__PROBLEM STATEMENT__: Entries follow. Give back exactly the lines starting at the one containing "Organza Potli Bags" and ending at the one containing "AK Carica del", and no other lines.

__Dataset entries__:
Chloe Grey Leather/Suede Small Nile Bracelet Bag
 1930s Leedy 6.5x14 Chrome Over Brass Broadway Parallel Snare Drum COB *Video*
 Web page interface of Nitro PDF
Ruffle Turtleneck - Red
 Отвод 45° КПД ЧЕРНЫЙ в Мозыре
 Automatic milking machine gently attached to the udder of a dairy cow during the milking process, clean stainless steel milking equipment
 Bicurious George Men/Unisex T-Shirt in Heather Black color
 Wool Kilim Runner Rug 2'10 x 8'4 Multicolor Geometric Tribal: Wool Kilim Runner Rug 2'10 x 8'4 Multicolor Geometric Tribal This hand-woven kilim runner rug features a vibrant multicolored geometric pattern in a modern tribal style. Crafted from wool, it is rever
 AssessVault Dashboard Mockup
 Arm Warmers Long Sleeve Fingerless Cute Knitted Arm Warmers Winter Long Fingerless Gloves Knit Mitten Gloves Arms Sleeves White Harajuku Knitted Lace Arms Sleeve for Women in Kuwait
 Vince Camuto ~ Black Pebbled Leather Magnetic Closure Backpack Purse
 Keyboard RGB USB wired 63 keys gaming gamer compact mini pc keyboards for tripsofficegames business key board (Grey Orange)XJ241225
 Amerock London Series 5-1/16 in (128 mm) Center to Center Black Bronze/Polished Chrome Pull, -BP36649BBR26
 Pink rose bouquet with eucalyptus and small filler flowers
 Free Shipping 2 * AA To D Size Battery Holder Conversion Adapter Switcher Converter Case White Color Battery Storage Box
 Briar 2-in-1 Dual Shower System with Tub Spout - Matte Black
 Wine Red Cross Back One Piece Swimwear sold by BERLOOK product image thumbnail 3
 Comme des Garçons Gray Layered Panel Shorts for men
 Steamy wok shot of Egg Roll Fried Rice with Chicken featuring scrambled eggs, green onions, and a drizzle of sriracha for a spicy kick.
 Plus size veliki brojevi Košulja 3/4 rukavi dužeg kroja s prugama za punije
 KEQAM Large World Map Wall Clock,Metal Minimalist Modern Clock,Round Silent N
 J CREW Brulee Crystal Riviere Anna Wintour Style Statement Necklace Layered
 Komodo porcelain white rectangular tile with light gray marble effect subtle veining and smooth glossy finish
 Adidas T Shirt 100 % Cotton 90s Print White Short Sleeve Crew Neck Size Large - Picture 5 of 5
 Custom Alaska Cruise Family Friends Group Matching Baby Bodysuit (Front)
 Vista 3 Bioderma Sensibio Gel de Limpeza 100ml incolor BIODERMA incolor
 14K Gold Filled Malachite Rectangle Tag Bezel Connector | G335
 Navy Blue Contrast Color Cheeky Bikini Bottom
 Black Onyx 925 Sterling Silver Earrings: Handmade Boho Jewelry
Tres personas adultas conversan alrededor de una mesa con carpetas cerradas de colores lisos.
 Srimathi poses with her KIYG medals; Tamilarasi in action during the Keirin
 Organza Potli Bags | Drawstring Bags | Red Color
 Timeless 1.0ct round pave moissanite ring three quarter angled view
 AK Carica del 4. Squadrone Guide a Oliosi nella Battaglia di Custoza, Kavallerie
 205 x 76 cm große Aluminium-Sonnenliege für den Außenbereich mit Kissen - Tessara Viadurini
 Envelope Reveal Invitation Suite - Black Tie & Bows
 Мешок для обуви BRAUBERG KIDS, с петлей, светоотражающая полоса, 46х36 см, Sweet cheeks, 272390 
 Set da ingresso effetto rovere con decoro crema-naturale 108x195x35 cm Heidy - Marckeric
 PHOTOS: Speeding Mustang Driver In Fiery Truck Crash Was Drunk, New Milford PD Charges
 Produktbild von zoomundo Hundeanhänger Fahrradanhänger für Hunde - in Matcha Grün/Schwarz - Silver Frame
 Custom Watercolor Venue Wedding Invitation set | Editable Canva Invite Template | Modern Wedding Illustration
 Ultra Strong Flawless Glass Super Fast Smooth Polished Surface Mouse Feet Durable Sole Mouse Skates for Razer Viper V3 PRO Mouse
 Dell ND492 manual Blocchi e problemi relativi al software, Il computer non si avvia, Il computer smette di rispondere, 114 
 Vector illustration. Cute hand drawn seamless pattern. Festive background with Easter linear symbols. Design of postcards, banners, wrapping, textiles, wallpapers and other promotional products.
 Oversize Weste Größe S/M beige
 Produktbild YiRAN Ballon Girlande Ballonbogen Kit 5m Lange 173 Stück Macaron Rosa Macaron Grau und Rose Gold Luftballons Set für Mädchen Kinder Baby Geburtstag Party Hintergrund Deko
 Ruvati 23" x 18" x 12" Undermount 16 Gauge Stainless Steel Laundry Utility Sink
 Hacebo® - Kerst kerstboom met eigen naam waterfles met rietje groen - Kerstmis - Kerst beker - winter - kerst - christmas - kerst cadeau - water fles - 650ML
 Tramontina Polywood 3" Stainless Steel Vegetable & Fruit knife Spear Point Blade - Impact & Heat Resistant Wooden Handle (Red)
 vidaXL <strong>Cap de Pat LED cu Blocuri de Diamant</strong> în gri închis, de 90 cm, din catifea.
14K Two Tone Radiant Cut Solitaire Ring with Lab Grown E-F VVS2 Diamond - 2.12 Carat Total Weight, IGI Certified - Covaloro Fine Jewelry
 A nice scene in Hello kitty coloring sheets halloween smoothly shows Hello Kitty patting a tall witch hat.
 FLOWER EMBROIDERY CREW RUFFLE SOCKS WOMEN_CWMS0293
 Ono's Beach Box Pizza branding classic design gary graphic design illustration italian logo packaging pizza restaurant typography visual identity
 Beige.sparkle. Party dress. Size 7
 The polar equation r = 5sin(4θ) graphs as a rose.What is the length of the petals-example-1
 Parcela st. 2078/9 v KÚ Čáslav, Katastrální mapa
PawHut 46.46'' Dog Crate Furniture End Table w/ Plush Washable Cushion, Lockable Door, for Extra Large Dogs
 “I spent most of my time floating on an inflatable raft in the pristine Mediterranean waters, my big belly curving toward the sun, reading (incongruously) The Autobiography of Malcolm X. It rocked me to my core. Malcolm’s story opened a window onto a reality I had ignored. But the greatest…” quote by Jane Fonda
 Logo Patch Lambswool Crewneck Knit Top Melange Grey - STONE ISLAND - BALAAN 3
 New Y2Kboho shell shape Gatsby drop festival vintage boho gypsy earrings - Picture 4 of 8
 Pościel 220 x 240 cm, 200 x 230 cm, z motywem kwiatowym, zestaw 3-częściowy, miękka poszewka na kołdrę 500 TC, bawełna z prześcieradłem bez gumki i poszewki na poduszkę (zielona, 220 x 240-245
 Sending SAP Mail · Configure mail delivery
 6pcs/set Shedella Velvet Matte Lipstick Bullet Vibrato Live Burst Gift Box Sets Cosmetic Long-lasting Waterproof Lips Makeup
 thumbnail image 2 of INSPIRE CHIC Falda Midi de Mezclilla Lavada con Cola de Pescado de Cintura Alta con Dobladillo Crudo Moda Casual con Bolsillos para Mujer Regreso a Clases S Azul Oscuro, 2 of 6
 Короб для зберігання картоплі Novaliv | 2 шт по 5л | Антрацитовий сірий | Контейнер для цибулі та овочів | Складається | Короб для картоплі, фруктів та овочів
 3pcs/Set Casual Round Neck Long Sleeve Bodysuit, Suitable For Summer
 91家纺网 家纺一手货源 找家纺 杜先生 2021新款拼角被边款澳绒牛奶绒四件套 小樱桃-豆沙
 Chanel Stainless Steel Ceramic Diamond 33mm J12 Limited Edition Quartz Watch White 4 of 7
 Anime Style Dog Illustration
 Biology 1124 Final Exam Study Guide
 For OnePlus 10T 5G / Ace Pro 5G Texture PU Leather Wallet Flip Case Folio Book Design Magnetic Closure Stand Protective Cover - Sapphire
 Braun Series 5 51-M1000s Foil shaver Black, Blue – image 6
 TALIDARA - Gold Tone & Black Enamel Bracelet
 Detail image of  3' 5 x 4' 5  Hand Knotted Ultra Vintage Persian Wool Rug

__THE ANSWER__:
 Organza Potli Bags | Drawstring Bags | Red Color
 Timeless 1.0ct round pave moissanite ring three quarter angled view
 AK Carica del 4. Squadrone Guide a Oliosi nella Battaglia di Custoza, Kavallerie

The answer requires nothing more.